Apple Not Only Fixed The New MacBook Air’s Keyboard, It Also Made The Laptop Easier To Repair

Apple Not Only Fixed The New MacBook Air’s Keyboard, It Also Made The Laptop Easier To Repair

It was long assumed that one of the big sacrifices to making a laptop as thin as the MacBook Air was severely diminishing its repairability. But iFixit gutted the recently announced 2020 MacBook Air and discovered more than just keyboard improvements; Apple has also made it easier to fix several of the laptop’s most crucial components.

The 2020 MacBook Air is a much welcome update to the disappointing MBA update released back in 2018, with 10th-gen Intel processors that can be maxed out with a 1.2GHz quad-core Core i7, a 256GB SSD that can be upgraded to 2TB, and a $1,599 starting price tag.

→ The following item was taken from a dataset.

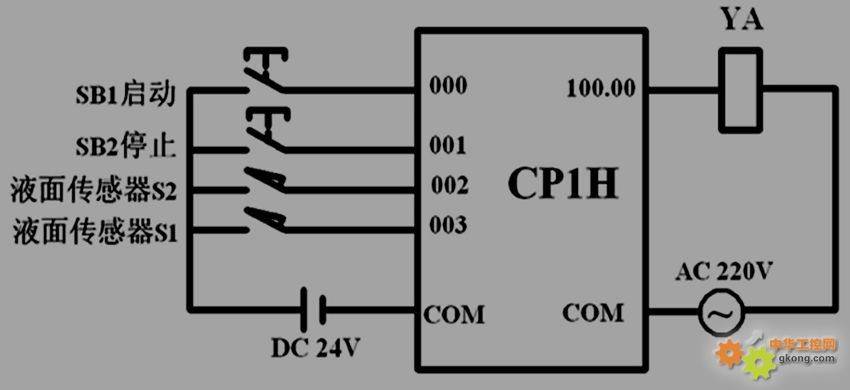 用欧姆龙cp1h型plc设计一个自动供水系统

But anyone who’s upgraded their Apple laptop in the past few years really only cares that the company has replaced the much-hated and very flawed butterfly keyboards with the new scissor-switch design introduced on the 16-inch MacBook Pro late last year.

As part of its exploratory teardown, iFixit found that the new scissor-switch keyboard, which vastly improves the MacBook Air’s typing experience, adds just half-a-millimetre to the thick side of the ultra-slim laptop, making Apple’s justifications for creating the butterfly keyboard in the first place even more questionable today. But iFixit also found another welcome surprise in the new MacBook Air: the cables connecting the trackpad are no longer trapped under the laptop’s logic board, allowing that component to be disconnected and removed as soon as the MBA’s back cover is off. This update also makes it much easier to swap out the laptop’s battery without having to mess with the logic board.

Despite those much welcome design improvements, iFixit still had to give the MacBook Air a disappointing four out of ten on its repairability scale. The improved keyboard is welcome, but not unbreakable, and replacing it requires a full teardown. Apple is also still permanently soldering the MacBook Air’s SSD drive and RAM in place, making most upgrades all but impossible after the fact.